Les histoires d'amour finissent mal... En général ? Avec l'étonnant 99 Moons, le réalisateur suisse Jan Gassmann propose une vision sans filtre des sexualités alternatives, mais surtout une vraie love story qui s'écrit sans tabous à l'époque des "date", des "coups d'un soir" et des amours éphémères.
Une chronique qui parlera forcément aux nouvelles générations.
99 Moons nous raconte la rencontre entre Bigna, sismologue de 28 ans, et Frank, 33 ans, "clubber" invétéré. Deux insomniaques qui au milieu de leurs nuits vont se trouver d'une manière plutôt insolite : par le biais des jeux sadomasos qu'affectionne Bigna (notamment lorsqu'ils prennent place en plein parking).
Mais très vite, ces deux solitaires vont se revoir une, deux fois. Et plus si affinités. Si bien que le sexe cru se transforme peu à peu... En romance. Ce qui n'est pas sans inquiéter Bigna, qui calme très vite son crush : "Tu confonds sexe et amour !".
Cette phrase vous est certainement familière. Il faut dire que cette problématique n'a jamais été aussi vive ces dernières années, en pleine ère du polyamour et des relations libres, nouveaux schémas qui ont complètement fait exploser celui du couple tradi. Sans oublier évidemment le boom des apps type Tinder.
Epaulé par deux jeunes acteurs d'une spontanéité certaine, Valentina Di Pace et Dominik Fellmann, le cinéaste Jan Gassman prend justement le pouls de cette génération connectée un peu/beaucoup paumée qui se divertit régulièrement par les dating mais n'échappe pas, comme les précédentes, à la confusion des sentiments.
Cette dimension "Comment je me suis disputé ma vie sexuelle" nous fait passer de la nuit, omniprésente dans une première partie étouffante, au jour, dont la luminosité submerge soudain l'écran quand l'amour commence enfin à déployer ses ailes. Et d'une sexualité crue pleine de "kink" alternatifs (évidemment consentis) à une autre, tout aussi "cul" mais plus tendre : une façon de nous suggérer toutes les émotions contradictoires qui se déploient (aussi) au lit.
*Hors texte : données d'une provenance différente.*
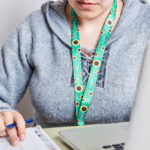 Justiça do Trabalho condena empresa a indenizar funcionária autista por piadas e contato físico indevidos dos chefes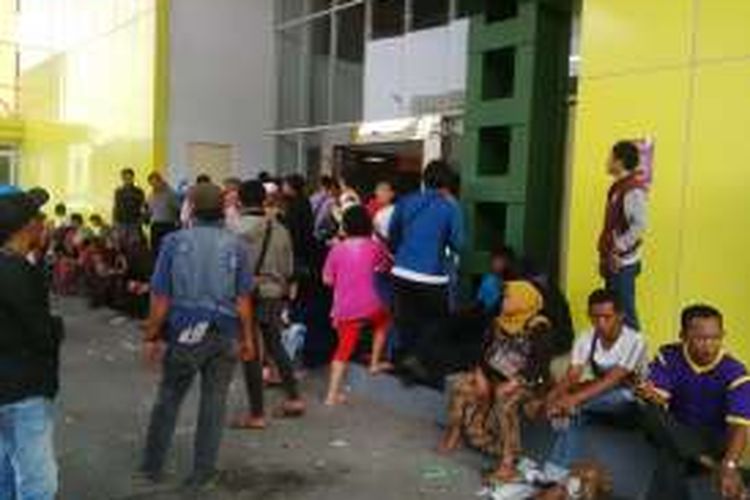 Pedagang dan warga bergerombol menunggu pembukaan Pasar Turi Baru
Autant d'éléments qui appuient une chose : oui, 99 Moons est bel et bien un film de son époque, forcément traversé d'interrogations sur la vie à deux et les sexualités, les émotions, l'amour, l'honnêteté, la communication avec l'autre. Bref, des enjeux omniprésents dans les créations féministes actuelles : on pense notamment aux épisodes du captivant podcast Le coeur sur la table de la journaliste Victoire Tuaillon.
Mais 99 Moons nous parle aussi d'une chose qui résonne tout autant dans nos têtes : l'ultramoderne solitude, cette rengaine du métro, boulot, dodo qui nous étouffe et nous oppresse, la manière dont les nouvelles technologies peuvent exacerber ce sentiment, et l'existence bienvenue d'issues de secours pour échapper à toute cette grande morosité ambiante.
Dépression personnelle, professionnelle, mais aussi climatique - comme le suggère directement la séquence d'ouverture et la profession de notre protagoniste. Au milieu de tous ces drames intimes et collectifs, évolue justement Bigna, une jeune femme qui assume sa liberté malgré ses incertitudes et son anxiété. Jeune héroïne en quête de repères dont l'on suivra minutieusement le quotidien pas toujours très feel good, mais aussi la passion qui viendra joyeusement bousculer cette monotonie. Pour le meilleur ? Suspense...
Une mélancolie traverse donc cette histoire de "boy meets girl" qui décline le romantisme à la mode d'aujourd'hui, avec beaucoup d'authenticité et de fougue. Laissez-vous tenter par ces 99 lunes.